Our ‘holiday snapshot’ article from US Weekly.

As the holiday season approaches, thought we’d repost our ‘party snapshot’ tips from last year!

This is our original article (to see the version published in US Weekly scroll down to the bottom).

HOW TO TAKE THE BEST HOLIDAY SNAPSHOTS :

1. PREPARATION.

This includes everything from charging your batteries and clearing your memory cards to identifying your subjects, knowing your camera and scouting locations and lighting. Put some thought into the shots you’d like to capture – googling images always helps to fuel creativity – and make a shotlist so you don’t forget anybody, anywhere or anything that sparked your imagination.  Doing your homework allows you to be more relaxed and present in the moments, a relationship that will show through in your photographs.

(shotlist : individual shots of each person, different combinations of group shots, areas with good lighting or textures for portrait shots, details of ornaments, the food and drinks, creative ideas, inside/outside, make sure you weasel yourself into a photograph too.)

2. PERSPECTIVE

Get close! Don’t be afraid to get intimate with the details that matter. Give the photograph a focus by honing in on what caught your eye. Play around with different angles, standing above people or crouching down to a child’s eye view. Be creative with zooming in and out on the same shot. It’s okay to take a lot of photos but switch up the perspective to avoid repetition. Don’t be scared to experiment especially when it comes to digital media there is no such thing as mistakes.

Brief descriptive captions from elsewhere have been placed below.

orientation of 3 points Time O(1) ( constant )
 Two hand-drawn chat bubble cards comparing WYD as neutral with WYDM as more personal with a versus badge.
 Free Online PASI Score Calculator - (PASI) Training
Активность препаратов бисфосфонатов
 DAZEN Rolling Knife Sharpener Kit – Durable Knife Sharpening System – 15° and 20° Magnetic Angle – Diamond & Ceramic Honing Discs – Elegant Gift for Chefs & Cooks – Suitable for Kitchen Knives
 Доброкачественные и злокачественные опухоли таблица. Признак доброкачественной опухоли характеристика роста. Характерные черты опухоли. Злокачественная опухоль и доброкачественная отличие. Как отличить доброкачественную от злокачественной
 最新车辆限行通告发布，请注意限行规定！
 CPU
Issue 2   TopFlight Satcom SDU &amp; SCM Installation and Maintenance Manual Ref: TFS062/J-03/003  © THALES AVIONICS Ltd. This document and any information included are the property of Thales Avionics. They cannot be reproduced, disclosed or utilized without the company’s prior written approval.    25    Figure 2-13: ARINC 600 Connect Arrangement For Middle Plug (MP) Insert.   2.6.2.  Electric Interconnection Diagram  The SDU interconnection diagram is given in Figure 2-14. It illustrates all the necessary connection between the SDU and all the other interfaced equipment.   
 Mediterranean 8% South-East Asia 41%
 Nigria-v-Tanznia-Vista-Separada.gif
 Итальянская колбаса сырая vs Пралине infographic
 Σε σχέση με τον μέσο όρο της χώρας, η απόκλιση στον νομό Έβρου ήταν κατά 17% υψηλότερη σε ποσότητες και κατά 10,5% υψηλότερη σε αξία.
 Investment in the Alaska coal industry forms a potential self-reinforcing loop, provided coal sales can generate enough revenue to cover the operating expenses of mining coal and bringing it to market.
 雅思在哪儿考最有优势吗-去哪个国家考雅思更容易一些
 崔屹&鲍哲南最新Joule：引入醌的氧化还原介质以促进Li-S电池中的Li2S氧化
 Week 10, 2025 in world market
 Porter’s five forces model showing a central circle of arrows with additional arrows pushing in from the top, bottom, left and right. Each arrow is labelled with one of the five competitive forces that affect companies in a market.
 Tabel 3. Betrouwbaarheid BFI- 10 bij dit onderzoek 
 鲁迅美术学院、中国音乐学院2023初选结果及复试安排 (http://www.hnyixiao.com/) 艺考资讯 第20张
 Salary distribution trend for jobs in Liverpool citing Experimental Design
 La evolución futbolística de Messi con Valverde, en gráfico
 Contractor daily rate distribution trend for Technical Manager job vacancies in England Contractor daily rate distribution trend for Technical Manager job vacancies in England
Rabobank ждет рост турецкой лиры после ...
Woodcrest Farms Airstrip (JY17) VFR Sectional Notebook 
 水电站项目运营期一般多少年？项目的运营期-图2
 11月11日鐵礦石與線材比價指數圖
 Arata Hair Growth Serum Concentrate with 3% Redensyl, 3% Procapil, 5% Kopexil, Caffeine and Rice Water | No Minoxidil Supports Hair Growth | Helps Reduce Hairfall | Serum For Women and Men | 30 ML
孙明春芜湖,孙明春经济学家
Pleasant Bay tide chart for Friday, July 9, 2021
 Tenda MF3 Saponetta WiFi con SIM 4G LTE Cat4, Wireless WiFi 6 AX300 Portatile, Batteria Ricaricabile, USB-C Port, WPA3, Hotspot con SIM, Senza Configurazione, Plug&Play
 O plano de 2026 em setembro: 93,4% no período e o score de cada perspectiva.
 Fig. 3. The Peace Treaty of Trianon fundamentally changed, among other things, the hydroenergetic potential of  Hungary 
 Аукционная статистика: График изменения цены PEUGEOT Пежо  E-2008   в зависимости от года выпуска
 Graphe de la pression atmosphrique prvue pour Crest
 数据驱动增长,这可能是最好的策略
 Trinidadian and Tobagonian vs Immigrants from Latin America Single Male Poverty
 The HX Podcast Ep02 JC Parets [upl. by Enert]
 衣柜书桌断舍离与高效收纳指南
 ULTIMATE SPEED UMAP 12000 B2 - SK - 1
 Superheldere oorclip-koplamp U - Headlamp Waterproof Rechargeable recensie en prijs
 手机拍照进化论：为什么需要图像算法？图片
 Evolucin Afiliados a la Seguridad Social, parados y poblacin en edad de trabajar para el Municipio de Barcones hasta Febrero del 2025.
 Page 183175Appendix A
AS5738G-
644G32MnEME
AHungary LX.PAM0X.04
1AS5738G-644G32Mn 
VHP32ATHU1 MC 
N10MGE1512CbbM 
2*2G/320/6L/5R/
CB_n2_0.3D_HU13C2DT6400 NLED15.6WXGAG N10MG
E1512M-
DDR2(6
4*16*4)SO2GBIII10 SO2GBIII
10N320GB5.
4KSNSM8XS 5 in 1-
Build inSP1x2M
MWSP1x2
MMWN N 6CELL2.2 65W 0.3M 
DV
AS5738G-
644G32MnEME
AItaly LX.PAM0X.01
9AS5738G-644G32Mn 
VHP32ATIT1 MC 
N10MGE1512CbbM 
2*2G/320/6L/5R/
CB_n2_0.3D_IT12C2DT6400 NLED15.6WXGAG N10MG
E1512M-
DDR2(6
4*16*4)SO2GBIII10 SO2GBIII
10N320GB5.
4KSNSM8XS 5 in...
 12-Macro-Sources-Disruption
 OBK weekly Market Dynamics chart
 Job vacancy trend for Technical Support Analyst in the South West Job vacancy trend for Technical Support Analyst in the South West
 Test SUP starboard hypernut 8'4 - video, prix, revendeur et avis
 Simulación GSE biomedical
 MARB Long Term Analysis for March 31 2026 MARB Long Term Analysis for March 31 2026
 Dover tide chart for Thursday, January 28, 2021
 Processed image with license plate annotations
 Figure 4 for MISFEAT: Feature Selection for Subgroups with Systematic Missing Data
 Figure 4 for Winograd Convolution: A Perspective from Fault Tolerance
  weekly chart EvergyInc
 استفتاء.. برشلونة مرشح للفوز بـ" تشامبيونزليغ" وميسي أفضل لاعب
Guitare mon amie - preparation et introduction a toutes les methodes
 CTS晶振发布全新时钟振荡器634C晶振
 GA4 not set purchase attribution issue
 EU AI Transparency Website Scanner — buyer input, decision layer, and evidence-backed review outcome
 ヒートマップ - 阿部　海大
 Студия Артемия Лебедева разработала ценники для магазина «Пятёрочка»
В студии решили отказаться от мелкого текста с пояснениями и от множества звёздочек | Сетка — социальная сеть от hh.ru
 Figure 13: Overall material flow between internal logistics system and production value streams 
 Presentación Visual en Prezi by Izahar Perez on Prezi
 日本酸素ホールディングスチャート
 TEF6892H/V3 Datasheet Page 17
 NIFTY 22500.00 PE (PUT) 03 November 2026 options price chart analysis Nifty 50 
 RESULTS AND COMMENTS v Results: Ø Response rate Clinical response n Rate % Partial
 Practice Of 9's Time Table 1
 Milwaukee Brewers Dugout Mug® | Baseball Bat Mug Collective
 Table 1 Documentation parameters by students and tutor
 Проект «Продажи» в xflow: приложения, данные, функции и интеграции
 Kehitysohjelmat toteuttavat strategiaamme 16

3. LOOK VS FEEL. CANDID VS CONTROLLED

It is so important to shoot candidly and capture the essence of a moment.  These will generally be the ‘golden’ shots that you almost feel uncomfortable taking credit for.  A good set of photographs needs its share of these but don’t forget that when you are looking back in 10 years a boring closeup of your uncles face could mean more to you then it did at the time. So try and balance your candids but don’t be afraid to control your environment to pose the shots that aren’t coming together. You need to know when to be assertive and when to go with the flow.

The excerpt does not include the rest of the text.